Raiz è per molti la voce inconfondibile degli Almamegretta, altri lo hanno scoperto in questi anni nei panni di attore della fortunata serie Rai “Mare Fuori”. L’artista napoletano è protagonista della serata di domenica 5 luglio alle 21 al Castello di Udine, ospite di More Than Jazz 2026 – Transiti Atlantici, l’ottava edizione della rassegna di SimulArte; in caso di pioggia al Teatrone.

Lo spettacolo s’intitola “Montecalvario”, nome ufficiale dei “Quartieri Spagnoli” di Napoli, e scorre in una narrazione fatta di storie, reali e inventate, che traggono ispirazione dalla vita e dall’arte di Raiz ma anche di Gennaro Della Volpe (il suo vero nome); lo accompagnano Radicanto (De Trizio chitarra classica, La Volpe elettrica, De Palma percussioni, Chiapparino fisarmonica, Vendola basso).

Raiz, in Friuli è ormai di casa?

«Con gli Almamegretta lo abbiamo frequentato molto, fin dai tempi del Rototom ad Osoppo, ci siamo poi evoluti in mille altre sfaccettature ma venivamo da quel primo grosso movimento reggae italiano, e siamo legati alle persone, ai promoter di quel festival; a Pordenone c’è la collaborazione con Paolo Baldini e La Tempesta».

A Udine propone la prima data estiva di “Montecalvario”. Di cosa si tratta?

«Vado dalla narrazione alla canzone, racconto il quartiere nel quale sono nato e cresciuto. Parto da Udine ma non farò un vero e proprio tour, sono alcuni concerti in divenire, nei quali sperimento e rendo partecipe anche il pubblico di quello che sto mettendo a punto.

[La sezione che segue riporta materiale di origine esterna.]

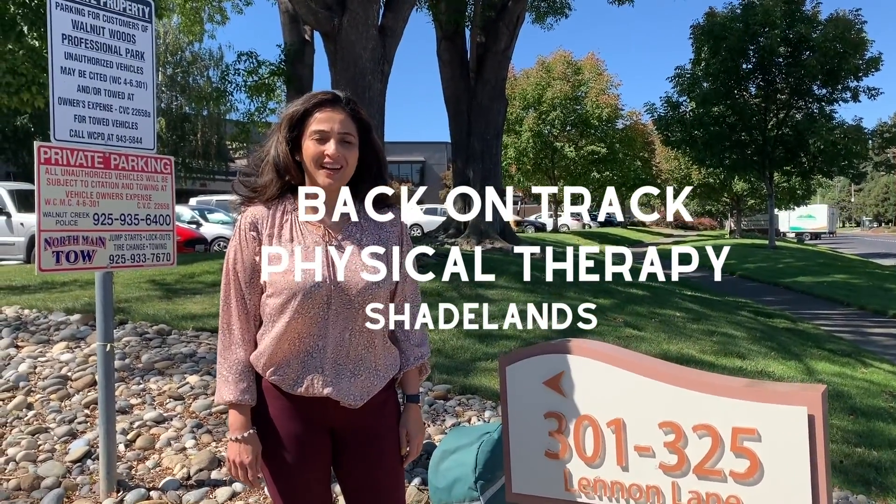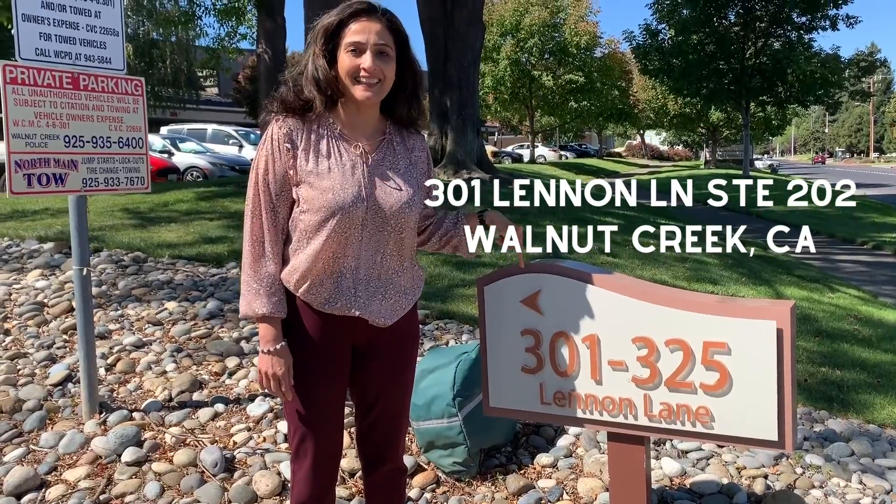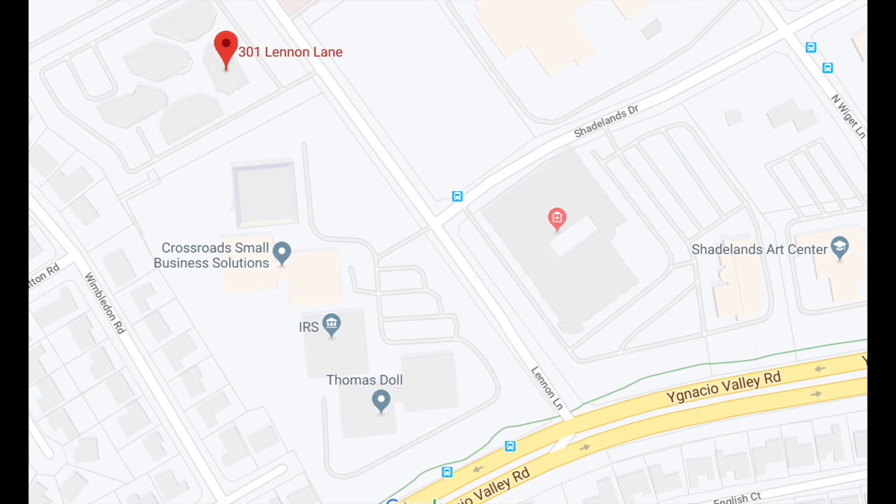Hi! Welcome to Rambo Track Physical Therapy office. We are located at 301 Lennon Lane. This is our Shade Lens location and the nearest intersection is Ignacio Valley Road and Lennon Lane.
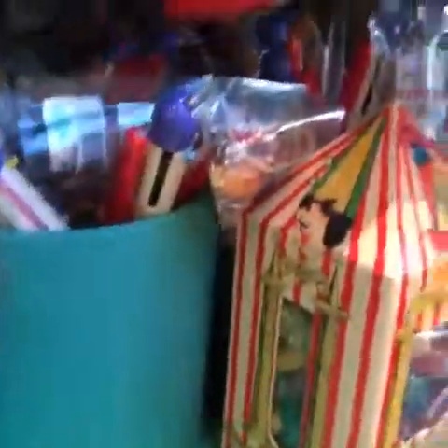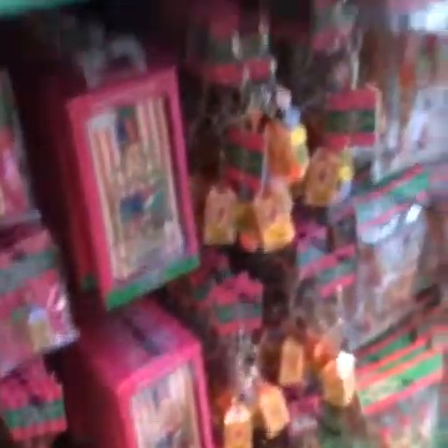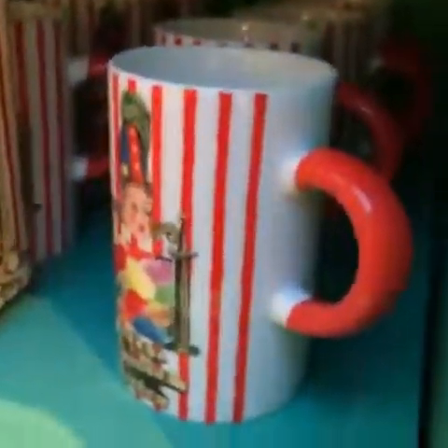Oh, they have these little chocolate frog bags. And then Bertie Bott's stuff — they have like a little Bertie Bott's pen, which is really cute. It's all the different colors. Bertie Bott's phone case. Oh, and they have these mugs — these ones.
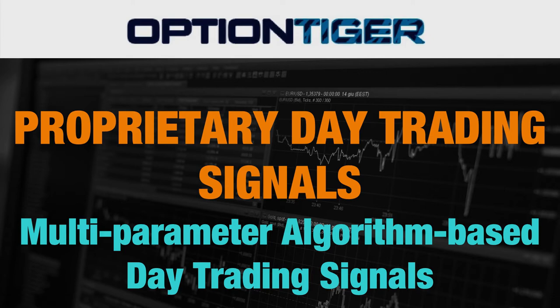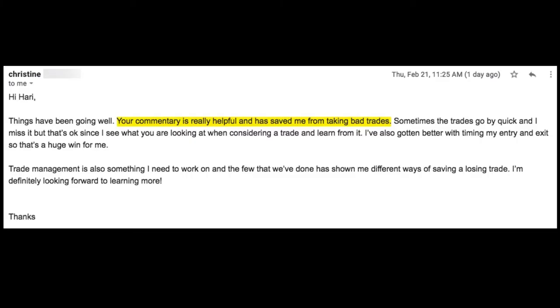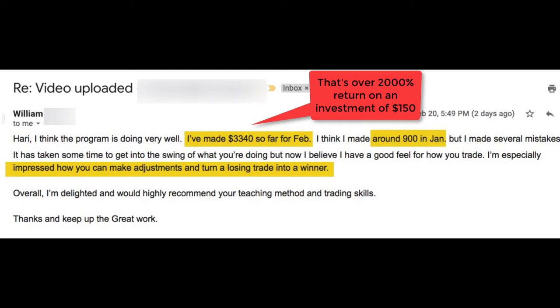Here are a few emails that have come in. We started this on Jan 7th, so it's been about six weeks. I trade live during the market open for about one hour or so, and you can see the commentary is really helpful. Here's another subscriber that's already made $3,300 in the month of February itself, which is over a 2,000% return on the monthly subscription charge of $150 a month.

È un recital di canzoni».

C’è dentro anche l’omaggio a Sergio Bruni, a cui ha dedicato il suo ultimo album “Si ll’ammore è ‘o ccuntrario d’’a morte”?

«È parte integrante della narrazione del mio quartiere, permeato di musica, dove Sergio Bruni era re. Le sue canzoni hanno accompagnato la mia storia famigliare, nascite, morti, matrimoni. Non pensavo che un giorno gli avrei dedicato un disco. È stato un maestro inconsapevole, perché ascoltando la sua musica ho imparato a cantare, e me ne sono accorto quando poi ho sperimentato con gli Almamegretta, che era un progetto basato proprio sull’incontro tra il dub, il reggae e la musica napoletana. Quando si trattava di mettere il contributo napoletano mi è venuto fuori molto Sergio Bruni, ad esempio, una canzone famosa degli Alma “Nun te scurdà” la dice lunga in merito».

La sua cifra stilistica è unire tradizione e modernità. Le radici sono molto importanti?

«Sì, però non sono un identitarista né un sovranista musicale. Credo si debba sapere da dove si viene per poter andare anche altrove. Mi piace avere la coscienza del patrimonio culturale che mi ha generato. Poi mi diverto anche a mescolare questo patrimonio con altre cose».

Da poco è uscito il videoclip di “Rosa” (brano scritto per “Mare Fuori”) in cui danza con sua figlia Lea.

«Merito della regista e coreografa Alessandra Sorrentino e della location molto bella dei saloni del Museo e Real Bosco di Capodimonte. Non pensavo di essere in grado di ballare. È una narrazione sulla paternità, sulla gentilezza, sulla dolcezza».

Sui social racconta un po’ il rapporto con sua figlia, da quando due anni fa è mancata sua moglie e siete rimasti soli.

«Ho fatto quello che mi sentivo, Lea fa parte della mia vita, passiamo tanto tempo assieme, mi è sembrato abbastanza naturale farlo vedere. Nel bene e nel male stiamo facendo un percorso molto bello, io e lei».

Nella finzione, invece, è Don Salvatore, papà di Rosa (e Ciro) Ricci. Sarà ancora presente con dei flashback nelle prossime stagioni di “Mare Fuori”?

«Penso che Salvatore Ricci sia finito, ma Raiz invece come cantante continua: mi hanno appena chiesto un’altra collaborazione per la colonna sonora. E per Netflix uscirà “La scuola”, ambientata in un liceo militare».